At first, it all seems like a good idea. Track users, optimize their journey. Drip feed them just the right content at statistically ideal times. Nurture them with email marketing over the finish line. A whole industry, our industry, is built around this. Follow the tried and true methodology – let the algorithms do the rest.

But, the problem is, people have caught on to the game.

You see, we’re dealing with the most skeptical audiences in history.  Decisions about brands are made in nanoseconds. People know when they are being drip-fed now.  We feel the sales funnel closing in around us and it creates buying resistance.

As a not-pure-B2B (but nevertheless relevant) example, I recently became a member at a major New York Museum.  I usually opt-out of any email campaigns immediately but I figured this was one time where it might be interesting to me to see what’s going on, possibly find some exclusive benefits, or an event I could attend.

So what happened? They squandered my goodwill by bludgeoning me with five emails in the first week.  Literally as I am writing this paragraph a sixth email just came in.

Who thought this was a good idea?

And, this is my point. Here you have a prospect, someone who actually wants to read your content, who’s interested, engaged, and feeling good about your brand.  Six emails and 168 hours later you’ve lost that prospect, because you are not thinking about the human on the other end of the continuum.

This is where human beings considering the motivations of other people can make a difference.  Here’s a breakdown of the five emails:
The obligatory Thank-You / welcome email (does it really have to be obligatory?)

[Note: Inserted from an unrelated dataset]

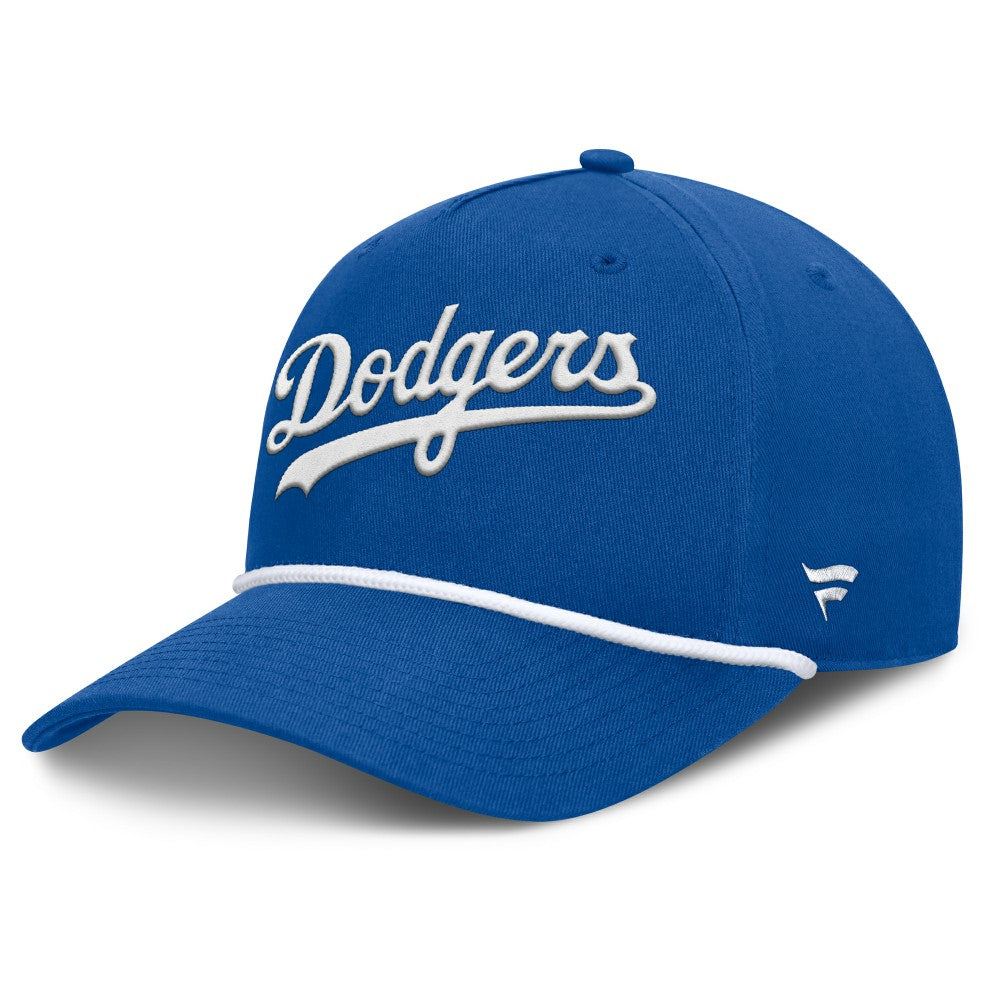 Los Angeles Dodgers Clubhouse Foul Ball A-Frame Adjustable Hat Royal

  1. A second, totally un-necessary Thank-You email
  2. A third email from the Director of Membership thanking me yet again for supporting their institution.
  3. A sales email to try and sell me on gifting memberships
  4. A notification about member after hours – finally something I might actually be interested in.
  5. A notification to mark my calendar for ‘exclusive member programs’ – potentially valuable, but greatly diminished in value due to the fact that it came less than 24 hours after the last bit of content.

But wait, there’s more. Those were only the emails from Membership Services. I also received (in the same 7 day period):

  1. A sales email from the gift shop (“top gifts are 20% off”)
  2. A “personal note” from someone, probably the Museum President, thanking me (for the third time this week) for being a member (for one week), along with “best wishes this holiday season”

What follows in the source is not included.